El valenciano se ha convertido en un jugador clave para Herrera sin hacer tanto ruido como otros fichajes
03 nov 2017 . Actualizado a las 09:05 h.Si hacemos una revisión entre los nuevos fichajes del Sporting casi todos pondríamos el foco como grandes noticias en Barba, Santos o Alex Pérez. Muy pocos, por el momento, suben a los altares a otro jugador cuya implicación es innegable y que además ha dado el mil por mil desde que puso un pie en Gijón. Ese es Rubén García Santos. Ahora, cuando lleva dos partidos a un nivel inferior no resulta ventajista elogiar su labor.

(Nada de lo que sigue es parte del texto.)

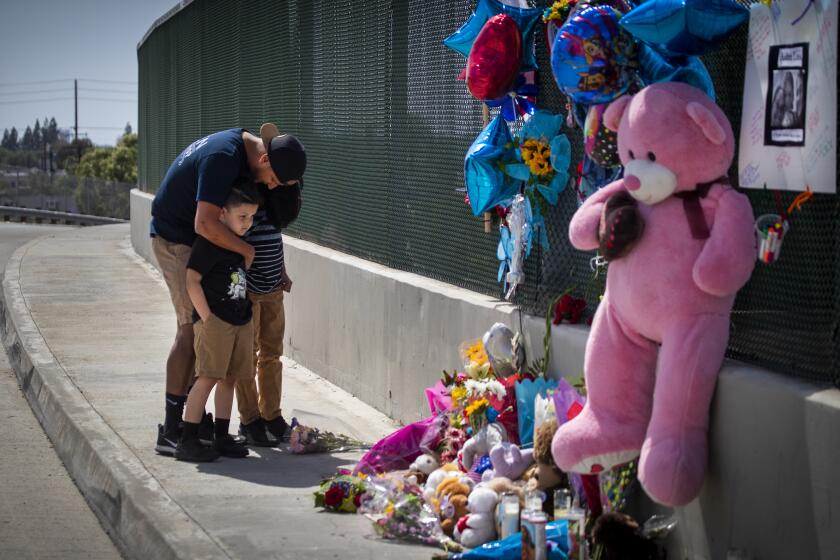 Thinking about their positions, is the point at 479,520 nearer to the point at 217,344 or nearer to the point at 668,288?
the point at 668,288

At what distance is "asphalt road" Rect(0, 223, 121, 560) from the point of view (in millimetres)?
6113

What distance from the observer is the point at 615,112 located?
4.96 meters

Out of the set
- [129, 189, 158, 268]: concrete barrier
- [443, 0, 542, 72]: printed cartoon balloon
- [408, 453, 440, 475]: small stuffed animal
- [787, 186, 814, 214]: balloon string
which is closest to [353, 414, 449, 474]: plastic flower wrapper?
[408, 453, 440, 475]: small stuffed animal

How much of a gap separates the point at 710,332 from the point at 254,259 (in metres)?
3.63

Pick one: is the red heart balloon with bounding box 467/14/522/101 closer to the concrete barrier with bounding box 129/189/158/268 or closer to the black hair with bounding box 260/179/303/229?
the black hair with bounding box 260/179/303/229

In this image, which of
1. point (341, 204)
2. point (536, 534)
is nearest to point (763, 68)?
point (536, 534)

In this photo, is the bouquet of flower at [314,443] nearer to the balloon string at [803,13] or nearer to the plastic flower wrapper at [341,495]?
the plastic flower wrapper at [341,495]

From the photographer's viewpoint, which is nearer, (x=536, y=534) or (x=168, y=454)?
(x=536, y=534)

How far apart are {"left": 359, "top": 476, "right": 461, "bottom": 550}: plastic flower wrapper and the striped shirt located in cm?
195

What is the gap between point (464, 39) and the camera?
6.70m

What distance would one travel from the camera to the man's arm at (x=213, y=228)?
22.7ft

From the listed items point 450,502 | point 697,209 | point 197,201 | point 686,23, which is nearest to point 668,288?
point 697,209

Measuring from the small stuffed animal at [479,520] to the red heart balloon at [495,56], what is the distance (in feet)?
6.68

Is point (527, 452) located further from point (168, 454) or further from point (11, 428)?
point (11, 428) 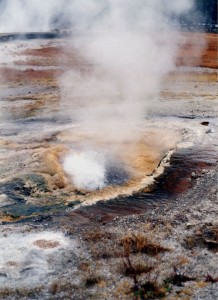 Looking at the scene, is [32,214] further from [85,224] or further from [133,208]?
[133,208]

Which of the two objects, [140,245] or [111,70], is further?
[111,70]

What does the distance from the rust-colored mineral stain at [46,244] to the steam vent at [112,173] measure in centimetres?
2

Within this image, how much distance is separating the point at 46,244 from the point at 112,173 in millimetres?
3254

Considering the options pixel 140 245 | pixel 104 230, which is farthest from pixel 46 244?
pixel 140 245

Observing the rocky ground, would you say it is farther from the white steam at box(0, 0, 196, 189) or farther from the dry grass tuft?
the white steam at box(0, 0, 196, 189)

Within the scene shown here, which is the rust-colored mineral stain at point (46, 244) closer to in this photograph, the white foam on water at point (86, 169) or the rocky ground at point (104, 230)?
the rocky ground at point (104, 230)

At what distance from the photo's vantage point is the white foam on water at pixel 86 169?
30.6 ft

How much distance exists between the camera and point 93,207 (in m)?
8.34

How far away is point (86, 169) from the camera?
9891mm

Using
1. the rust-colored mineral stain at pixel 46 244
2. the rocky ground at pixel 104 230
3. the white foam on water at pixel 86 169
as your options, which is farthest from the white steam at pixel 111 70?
the rust-colored mineral stain at pixel 46 244

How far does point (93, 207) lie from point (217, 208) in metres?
2.45

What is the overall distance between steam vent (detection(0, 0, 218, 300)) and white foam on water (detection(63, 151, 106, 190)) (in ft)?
0.15

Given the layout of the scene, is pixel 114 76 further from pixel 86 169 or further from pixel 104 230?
pixel 104 230

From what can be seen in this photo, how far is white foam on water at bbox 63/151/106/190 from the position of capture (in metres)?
9.34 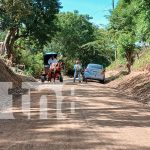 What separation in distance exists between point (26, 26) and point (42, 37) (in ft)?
8.22

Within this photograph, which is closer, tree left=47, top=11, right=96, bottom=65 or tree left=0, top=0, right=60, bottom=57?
tree left=0, top=0, right=60, bottom=57

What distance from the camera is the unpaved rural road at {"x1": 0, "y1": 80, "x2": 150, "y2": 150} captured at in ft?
30.5

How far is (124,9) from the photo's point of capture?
4000cm

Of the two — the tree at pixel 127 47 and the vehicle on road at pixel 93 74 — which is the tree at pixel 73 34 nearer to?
the tree at pixel 127 47

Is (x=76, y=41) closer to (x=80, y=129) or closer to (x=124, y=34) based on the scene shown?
(x=124, y=34)

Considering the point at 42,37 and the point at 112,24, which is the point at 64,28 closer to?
the point at 42,37

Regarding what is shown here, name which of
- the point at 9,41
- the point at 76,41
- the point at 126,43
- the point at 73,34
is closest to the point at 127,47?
the point at 126,43

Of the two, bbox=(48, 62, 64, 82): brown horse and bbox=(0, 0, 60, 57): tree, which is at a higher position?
bbox=(0, 0, 60, 57): tree

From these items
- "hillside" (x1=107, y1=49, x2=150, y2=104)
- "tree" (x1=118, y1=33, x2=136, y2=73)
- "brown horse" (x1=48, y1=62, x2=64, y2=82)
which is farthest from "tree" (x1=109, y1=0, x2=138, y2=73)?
"brown horse" (x1=48, y1=62, x2=64, y2=82)

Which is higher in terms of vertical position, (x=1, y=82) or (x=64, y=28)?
(x=64, y=28)

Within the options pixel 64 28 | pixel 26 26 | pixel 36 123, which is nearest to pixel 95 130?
pixel 36 123

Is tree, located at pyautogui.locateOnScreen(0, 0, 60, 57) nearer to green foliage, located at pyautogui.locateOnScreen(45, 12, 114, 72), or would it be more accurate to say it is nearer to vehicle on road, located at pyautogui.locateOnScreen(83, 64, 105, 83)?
vehicle on road, located at pyautogui.locateOnScreen(83, 64, 105, 83)

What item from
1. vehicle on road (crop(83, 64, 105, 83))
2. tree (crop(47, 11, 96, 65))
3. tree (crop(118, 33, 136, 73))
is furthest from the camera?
tree (crop(47, 11, 96, 65))

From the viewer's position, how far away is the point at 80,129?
1109cm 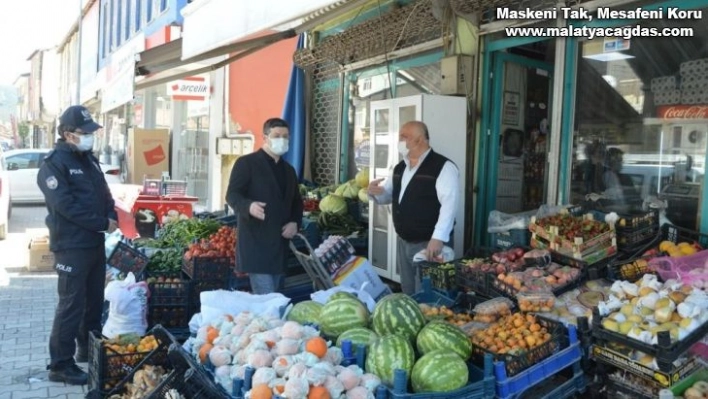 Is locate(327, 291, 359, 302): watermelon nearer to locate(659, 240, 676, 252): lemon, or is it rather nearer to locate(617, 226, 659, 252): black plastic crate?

Y Herrera sabe que el Levante ha cedido a un jugador que puede dar muchas alegrías a El Molinón. De momento, sacarle del once parece una quimera.
Un líder silencioso
No resulta nada sencillo caer de pie en la Costa Verde, y menos después de una temporada como la pasada en la que las nuevas incorporaciones hicieran más negro el panorama en lugar de dar luz a un proyecto que resultó fracasado. Pero Rubén no se lleva solo los elogios dentro del campo. También fuera. Sus redes sociales están inundadas de mensajes de ánimo, y sus declaraciones derrochan siempre un optimismo muy necesario cuando llegan vacas flacas. Porque sí, el Sporting, aunque marche relativamente bien, no está en una época de bonanza deportiva (o no todo lo bien que si se hubieran hecho las cosas como se debía este equipo merecería).
Rubén García, sin ruido, es un chico feliz y lo demuestra. Y sobre todo, lo contagia. En el césped le da igual el dónde y el cuándo. Si es el minuto uno o el noventa. Si es en banda o por dentro. En las piernas del catorce sportinguista siempre cabe una carrera más. Dos goles y dos asistencias en lo que llevamos de temporada complementan un trabajo mucho más profundo y no siempre valorado.
En Gijón ha habido épocas en las que se echó de menos que los jugadores de ataque ayudasen en defensa, es cierto, pero parece que con el valenciano se ha encontrado la solución. Rubén García no ha venido a Asturias para salir en la foto, y de hecho huye de los flashes. Casi mejor: los discretos saborean más las victorias.